Table of Contents show

LEN(), LENGTH() Syntax

There are two length functions in Snowflake.

LEN(<expression>) returns int
LENGTH(<expression>) returns int

The expression argument can be a constant, variable, or column of either character or binary data.

According to Snowflake, the LEN() or LENGTH() function

  • requires at least 1 argument (<expression>)
  • and returns an integer value, precisely NUMBER(18,0)

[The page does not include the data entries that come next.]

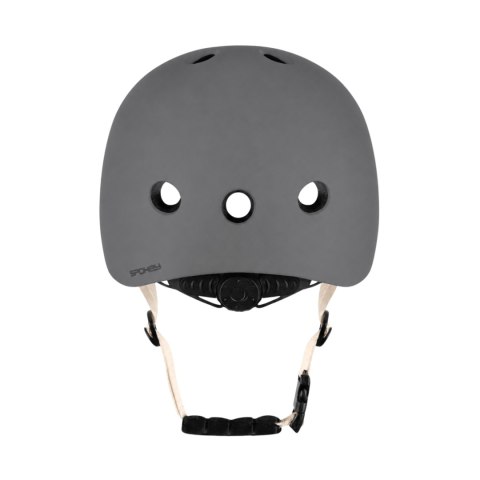 Kask rowerowy Spokey Peanut 58-61 cm szary 946433 Spokey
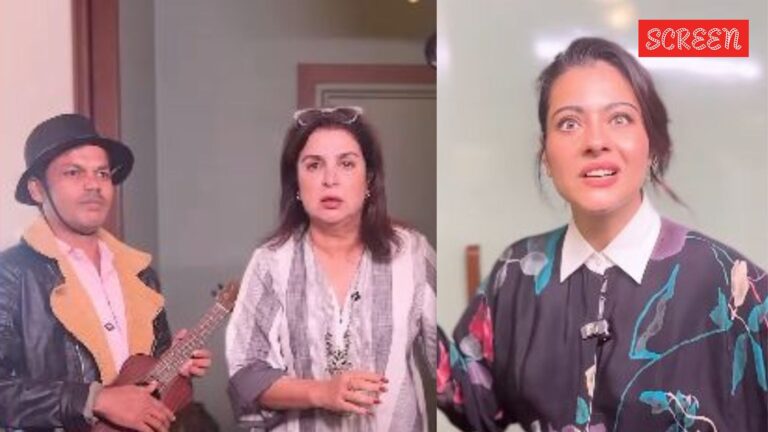 Kajol arrives at Farah Khan’s house with a PR, bodyguard, manager and makeup artiste; Dilip gets disappointed: ‘Ma’am ne humko taang dediya’ | Bollywood News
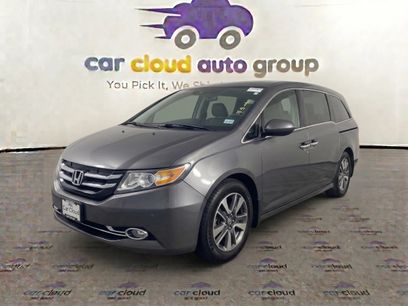 Used 2016 Honda Odyssey Touring Elite
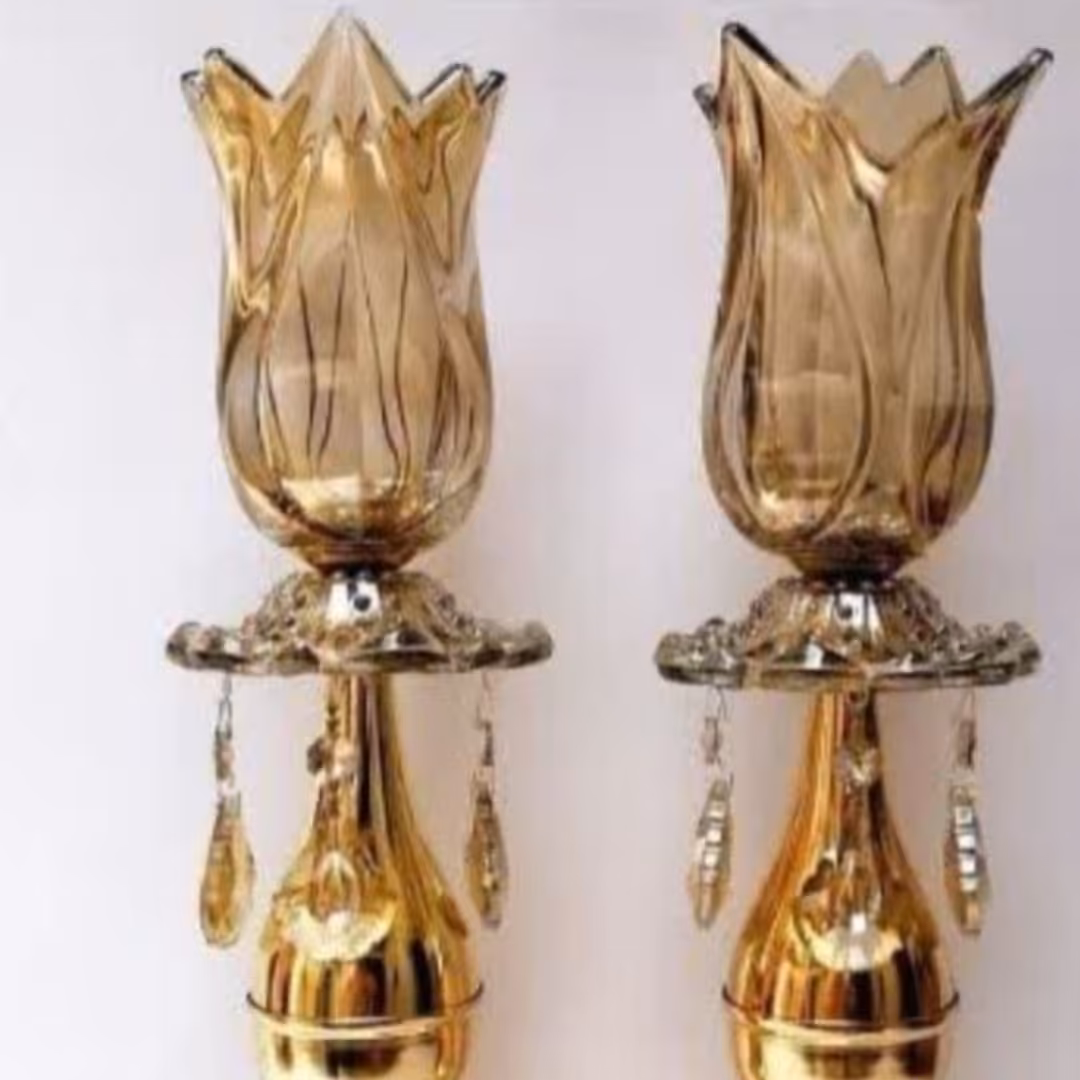 شمعدان طلایی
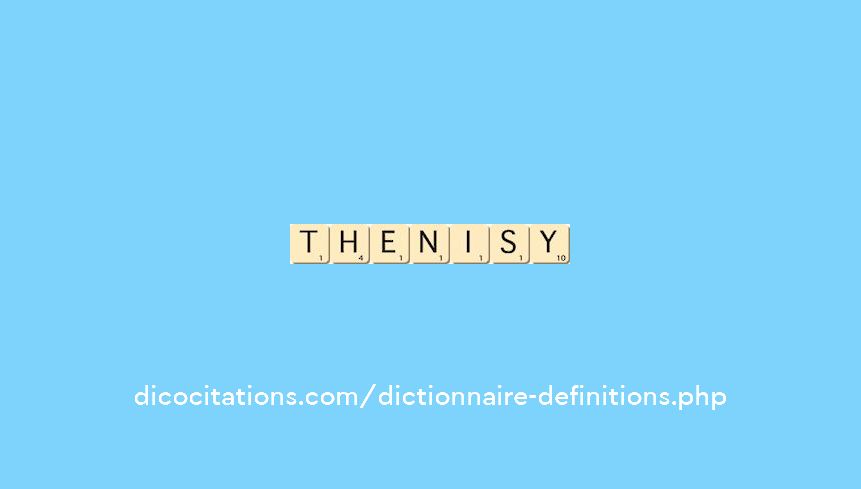 thenisy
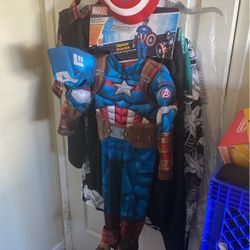 Captain America 3T-4T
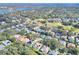 Wide aerial view showing home location in neighborhood at 3507 Autumn Glen Dr, Valrico, FL 33596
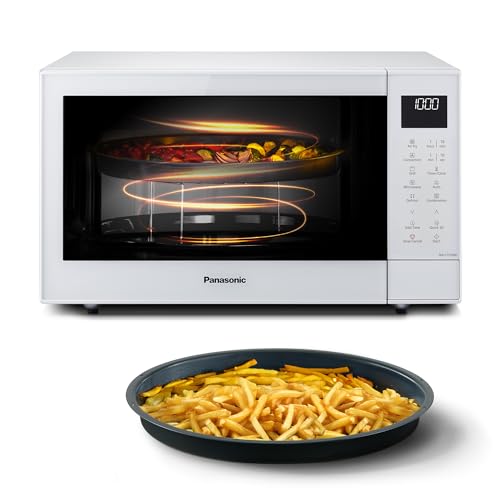 ⚡ BLITZDEAL (-34%) Panasonic NN-CT55RWEPG Kombi Mikrowelle 27L mit Airfryer, Inverter, Weiß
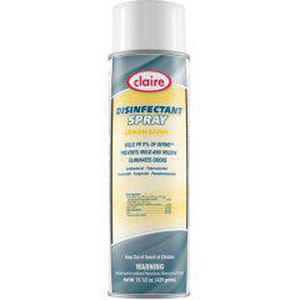 20Oz Lemon Disinfectant Spray Q
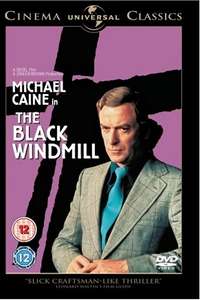 The Black Windmill - Poster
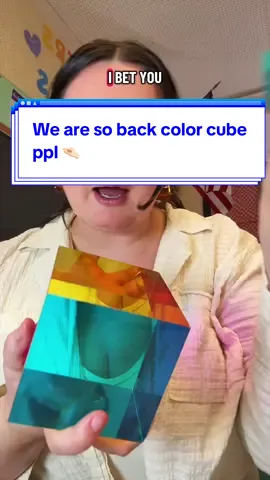 We are so back color cube ppl 🤏🏻 #tiktokshopcreatorpicks #colorcustomizer #color #colors #colorful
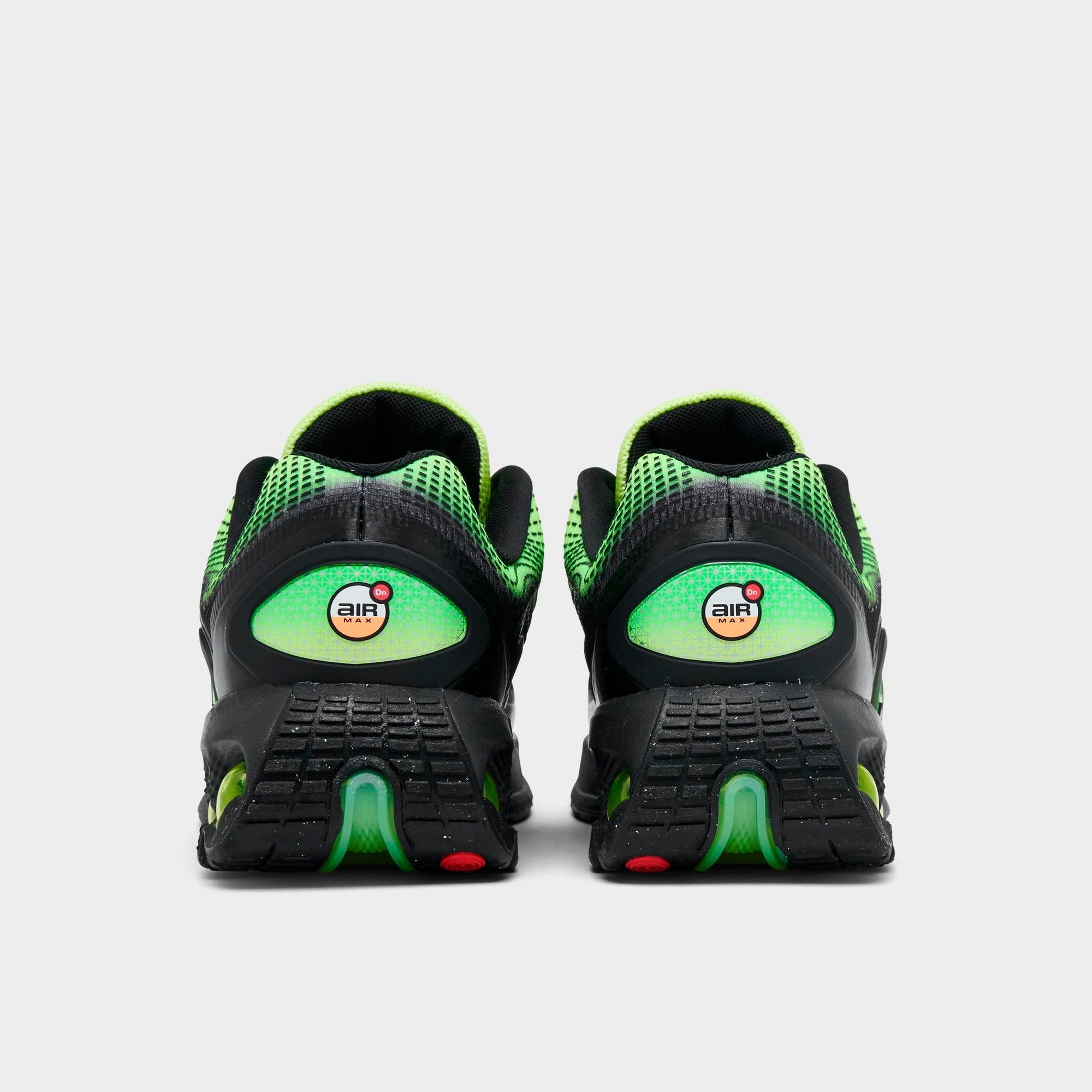 [HV5257-700] GRADE SCHOOL NIKE AIR MAX DN 'LIGHT LEMON TWIST BLACK (GS)'
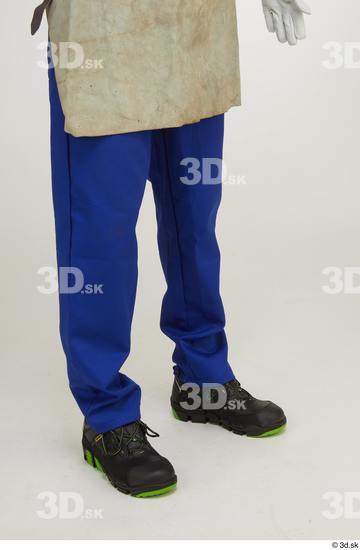 Whole Body Man White Uniform Slim Studio photo references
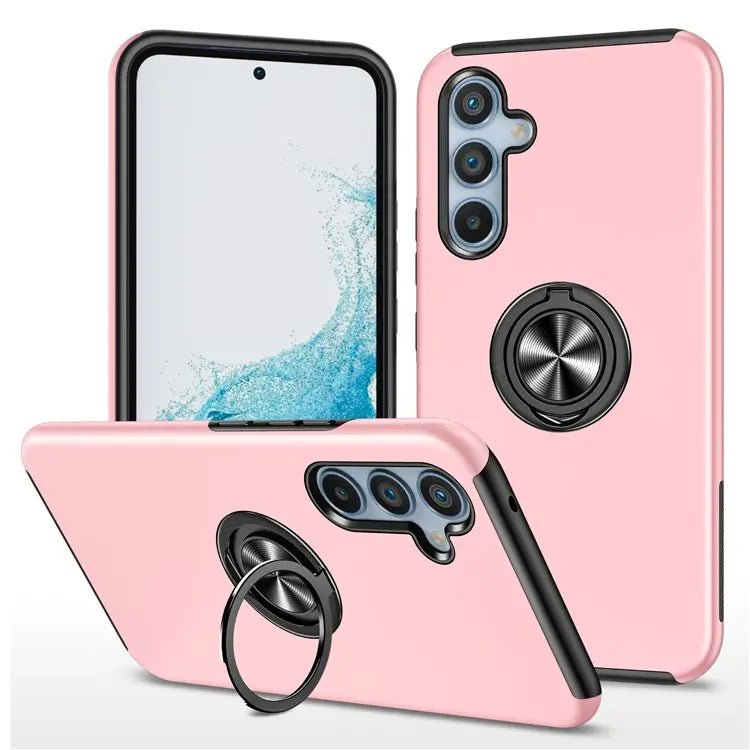 Ring Case Galaxy A54 Pink 22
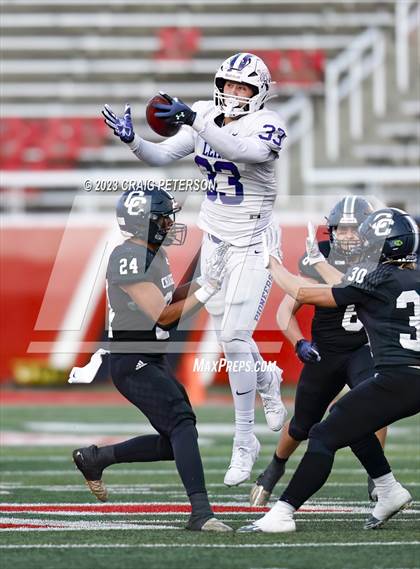 Thumbnail 2 in Corner Canyon vs Lehi (UHSAA 6A Semifinal) photogallery.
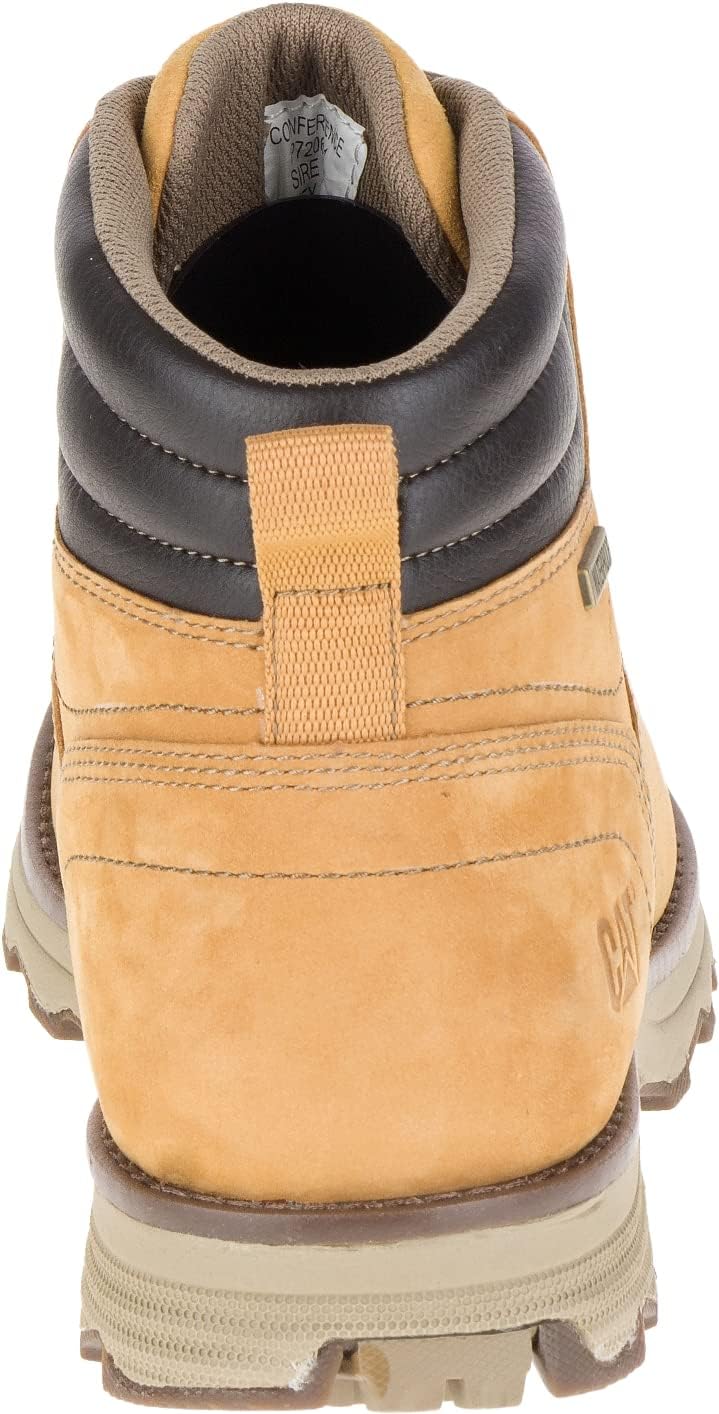 CATERPILLAR Waterproof Leather Hiking Boots - Image 4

For the exercises below, we will be using the LEN() function. Just know you can replace it with the LENGTH() function if you choose to do so.

Dataset

Download the Sample Superstore 2022 dataset to follow along. You can visit the datasets page to see other available download options.

Let’s get started.

Basic SELECT Query

1. Select the Customer Names and the length of each Customer Name. Sort the length of Customer Names in descending order. Your result should not contain duplicates.

SELECT DISTINCT
	CUSTOMER_NAME
	,LEN(CUSTOMER_NAME) AS CUSTOMER_NAME_LENGTH
FROM 
ORDERS
ORDER BY CUSTOMER_NAME_LENGTH DESC

2. Select the length of the following fields and give them appropriate aliases.

  1. Ship Date
  2. Customer Name
  3. Ship Mode
  4. Customer ID
  5. Product Name
  6. Sales
  7. State/Province
  8. Quantity
  9. Discount
  10. Profit
SELECT 
	LEN(Ship_Date) AS Ship_Date_Length
	,LEN(Customer_Name) AS Customer_Name_Length
	,LEN(Ship_Mode) AS Ship_Mode_Length
	,LEN(Customer_ID) AS Customer_ID_Length
	,LEN(Product_Name) AS Product_Name_Length
	,LEN(Sales) AS Sales_Length
        ,LEN(State_Province) AS State_Province_Length
        ,LEN(Quantity) AS Quantity_Length
        ,LEN(Discount) AS Discount_Length
        ,LEN(Profit) AS Profit_Length
FROM ORDERS

Filtering

3. Select the Product Names where the length of the Product Name is greater than 90. Sort the result by Product Name. Your result should not contain duplicates.

SELECT DISTINCT
	Product_Name
	,LEN(Product_Name) AS Product_Name_Length
FROM 
Orders
WHERE 
       LEN(Product_Name) > 90
ORDER BY Product_Name

4. Select Product Names where the length of the Product Name is greater than 75 and the Profit is greater than 100. Your result should not contain duplicates.

SELECT DISTINCT
	Product_Name
	,LEN(Product_Name) AS Product_Name_Length
FROM Orders
WHERE 
       LEN(Product_Name) > 75
       AND Profit > 100
ORDER BY Product_Name

5. Select Product Names where the length of the Product Name is greater than 70 and the Region is in the North or South. Sort the result by Product Name, and then by the Product Name length. The result should not contain duplicates.

SELECT DISTINCT
    Product_Name
    ,Region
    ,LEN(Product_Name) AS Product_Name_Length
FROM Orders
WHERE
    LEN(Product_Name) > 70
    AND Region IN ('North', 'South')
ORDER BY 
    Product_Name, 
    LEN(Product_Name)

6. Select Customer Names and their lengths where the length of the Product Name is greater than 55 and the length of the Customer Name is at least 7. Sort the result by the Customer Name length. The result should not contain duplicates.

SELECT DISTINCT
	Customer_Name
	,LEN(Customer_Name) AS Customer_Name_Length
FROM 
Orders
WHERE 
       LEN(Product_Name) > 55
       AND LEN(Customer_Name) <= 7
ORDER BY Customer_Name_Length

Conditional Statements

7. Select Product Name and Product Length Category for the length of Product Names. The result should not contain duplicates.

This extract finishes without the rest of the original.